It’s a cold, blustery Fourth of July in England, American Independence Day. The day the middle-class revolutionaries from Cromwell and the Pilgrim Fathers onwards came up with a new world order based on democracy and reason, a republic free from the tyranny of kings and the right of a militia to bear arms in order to keep the government in check.
Yeah, right. Good luck with the project.
Like most social experiments it didn’t turn out quite the way the disconnected, well-off theorists thought it would.

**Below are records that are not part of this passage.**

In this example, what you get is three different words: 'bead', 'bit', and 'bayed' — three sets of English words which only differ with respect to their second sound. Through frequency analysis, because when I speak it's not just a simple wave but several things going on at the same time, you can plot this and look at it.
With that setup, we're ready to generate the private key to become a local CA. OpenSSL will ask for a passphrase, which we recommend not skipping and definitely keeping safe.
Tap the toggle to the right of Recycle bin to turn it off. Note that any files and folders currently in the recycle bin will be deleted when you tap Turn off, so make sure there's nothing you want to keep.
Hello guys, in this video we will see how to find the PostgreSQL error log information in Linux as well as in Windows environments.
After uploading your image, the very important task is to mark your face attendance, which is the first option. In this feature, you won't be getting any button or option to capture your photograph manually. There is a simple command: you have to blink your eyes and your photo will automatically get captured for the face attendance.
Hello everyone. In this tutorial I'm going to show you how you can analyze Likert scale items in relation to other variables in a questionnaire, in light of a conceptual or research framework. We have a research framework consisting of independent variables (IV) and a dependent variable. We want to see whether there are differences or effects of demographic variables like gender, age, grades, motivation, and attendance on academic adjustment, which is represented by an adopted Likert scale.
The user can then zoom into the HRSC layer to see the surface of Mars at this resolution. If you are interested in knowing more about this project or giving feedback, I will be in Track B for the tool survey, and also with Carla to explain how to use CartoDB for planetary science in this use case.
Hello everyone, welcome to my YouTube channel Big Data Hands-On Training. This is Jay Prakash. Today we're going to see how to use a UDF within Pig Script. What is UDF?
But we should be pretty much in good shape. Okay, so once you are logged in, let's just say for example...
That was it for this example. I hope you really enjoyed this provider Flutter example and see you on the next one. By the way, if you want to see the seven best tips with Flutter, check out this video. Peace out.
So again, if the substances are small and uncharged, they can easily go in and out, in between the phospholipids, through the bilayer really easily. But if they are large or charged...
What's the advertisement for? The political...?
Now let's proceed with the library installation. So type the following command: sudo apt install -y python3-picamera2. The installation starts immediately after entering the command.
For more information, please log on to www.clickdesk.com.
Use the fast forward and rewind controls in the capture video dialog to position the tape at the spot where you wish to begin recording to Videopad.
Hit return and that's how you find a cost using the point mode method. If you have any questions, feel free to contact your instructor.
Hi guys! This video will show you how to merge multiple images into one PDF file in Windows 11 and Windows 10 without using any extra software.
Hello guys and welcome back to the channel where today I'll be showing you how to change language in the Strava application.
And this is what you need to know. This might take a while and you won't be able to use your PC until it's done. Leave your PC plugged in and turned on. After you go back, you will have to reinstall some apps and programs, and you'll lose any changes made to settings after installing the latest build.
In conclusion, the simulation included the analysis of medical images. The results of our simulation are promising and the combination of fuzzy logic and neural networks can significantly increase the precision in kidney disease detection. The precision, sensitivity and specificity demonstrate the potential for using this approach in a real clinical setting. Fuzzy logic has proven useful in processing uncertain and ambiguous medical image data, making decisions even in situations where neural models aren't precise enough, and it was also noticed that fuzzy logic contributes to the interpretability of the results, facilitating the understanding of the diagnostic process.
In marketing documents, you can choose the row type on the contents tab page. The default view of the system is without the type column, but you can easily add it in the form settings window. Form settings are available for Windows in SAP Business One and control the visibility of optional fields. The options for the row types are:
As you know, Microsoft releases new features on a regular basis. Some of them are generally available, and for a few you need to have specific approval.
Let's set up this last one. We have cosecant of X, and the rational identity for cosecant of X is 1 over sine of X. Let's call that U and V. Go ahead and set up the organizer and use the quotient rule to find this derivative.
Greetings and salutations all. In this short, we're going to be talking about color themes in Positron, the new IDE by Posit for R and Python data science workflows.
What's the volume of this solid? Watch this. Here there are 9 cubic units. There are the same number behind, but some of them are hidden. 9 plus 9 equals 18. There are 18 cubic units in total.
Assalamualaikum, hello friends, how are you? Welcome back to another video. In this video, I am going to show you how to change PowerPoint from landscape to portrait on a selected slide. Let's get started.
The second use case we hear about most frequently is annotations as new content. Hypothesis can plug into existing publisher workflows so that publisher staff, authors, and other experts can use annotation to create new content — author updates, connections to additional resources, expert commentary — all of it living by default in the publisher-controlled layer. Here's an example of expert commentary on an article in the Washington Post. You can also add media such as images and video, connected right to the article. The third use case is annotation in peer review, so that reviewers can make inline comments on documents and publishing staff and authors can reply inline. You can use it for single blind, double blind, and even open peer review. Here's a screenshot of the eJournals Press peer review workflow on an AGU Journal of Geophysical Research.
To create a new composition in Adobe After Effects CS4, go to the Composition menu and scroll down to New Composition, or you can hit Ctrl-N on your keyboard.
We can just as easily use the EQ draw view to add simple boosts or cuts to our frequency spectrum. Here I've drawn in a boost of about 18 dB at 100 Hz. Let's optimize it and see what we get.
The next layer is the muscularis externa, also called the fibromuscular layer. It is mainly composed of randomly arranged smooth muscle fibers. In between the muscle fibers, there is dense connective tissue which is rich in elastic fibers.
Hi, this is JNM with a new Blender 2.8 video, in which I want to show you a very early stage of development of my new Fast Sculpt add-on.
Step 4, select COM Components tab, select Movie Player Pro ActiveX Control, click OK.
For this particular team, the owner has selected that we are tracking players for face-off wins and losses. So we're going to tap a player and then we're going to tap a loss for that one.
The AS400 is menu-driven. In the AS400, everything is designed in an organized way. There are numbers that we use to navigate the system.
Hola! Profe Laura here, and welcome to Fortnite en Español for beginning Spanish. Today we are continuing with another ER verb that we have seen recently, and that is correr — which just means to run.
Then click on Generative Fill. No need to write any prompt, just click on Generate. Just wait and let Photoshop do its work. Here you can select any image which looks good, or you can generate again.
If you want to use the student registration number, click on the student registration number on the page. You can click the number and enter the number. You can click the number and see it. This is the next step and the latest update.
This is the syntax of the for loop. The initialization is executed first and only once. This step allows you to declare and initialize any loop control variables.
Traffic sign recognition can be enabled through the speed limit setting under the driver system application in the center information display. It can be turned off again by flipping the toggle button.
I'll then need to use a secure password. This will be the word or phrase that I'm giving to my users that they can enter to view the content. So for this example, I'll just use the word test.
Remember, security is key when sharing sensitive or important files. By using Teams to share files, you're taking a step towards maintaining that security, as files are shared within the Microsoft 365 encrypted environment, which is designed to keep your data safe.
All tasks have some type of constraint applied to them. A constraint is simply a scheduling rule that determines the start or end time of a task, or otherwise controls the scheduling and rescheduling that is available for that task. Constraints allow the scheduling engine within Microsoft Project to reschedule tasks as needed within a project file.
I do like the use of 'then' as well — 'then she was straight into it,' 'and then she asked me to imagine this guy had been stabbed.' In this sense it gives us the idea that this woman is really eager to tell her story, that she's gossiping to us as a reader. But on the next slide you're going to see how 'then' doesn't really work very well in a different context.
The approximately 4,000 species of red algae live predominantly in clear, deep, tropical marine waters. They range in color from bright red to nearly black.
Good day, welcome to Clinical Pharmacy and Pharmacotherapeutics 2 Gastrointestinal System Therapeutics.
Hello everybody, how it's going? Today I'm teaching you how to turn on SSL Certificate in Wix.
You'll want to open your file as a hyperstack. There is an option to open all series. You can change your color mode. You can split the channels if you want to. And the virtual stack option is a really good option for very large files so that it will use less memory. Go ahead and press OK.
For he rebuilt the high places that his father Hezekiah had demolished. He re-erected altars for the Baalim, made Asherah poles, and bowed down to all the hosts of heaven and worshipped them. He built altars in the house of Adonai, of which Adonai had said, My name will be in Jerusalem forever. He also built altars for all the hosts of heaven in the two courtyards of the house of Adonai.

The same way it didn’t for the unemployed stacked in concrete brutalist tower blocks with piss-smelling broken lifts who bafflingly failed to appreciate the exciting statements in post-modern architecture they were stacked in against the day someone would want shipbuilders again, or find enough estate agencies to re-train them into.
Say goodbye, it’s Independence Day
I took a walk around my own not very urban manor today as the wind buffeted and only now and again brought warm gusts of wind smelling of the spice of summer trees. Someone who’s just reviewed Not Your Heart Away asked if there was going to be a sequel, a future past world where Ben goes to America to find Claire, in a fictional world where he doesn’t know he’s looking for her, except he always would. It made me remember another Independence Day very nearly thirty years ago, a summer so hot by a lake in Wisconsin that no-one could believe the thermometer by the basketball court, way over a hundred, when it was still hot when the PA system blew Taps and we hauled down the Stars and Bars for the day, the same way we did every day that summer on summer camp. It wasn’t quite like the Springsteen song but it was pretty close. We just didn’t believe nothing we could say or do wouldn’t change anything now. We were all a lot younger then.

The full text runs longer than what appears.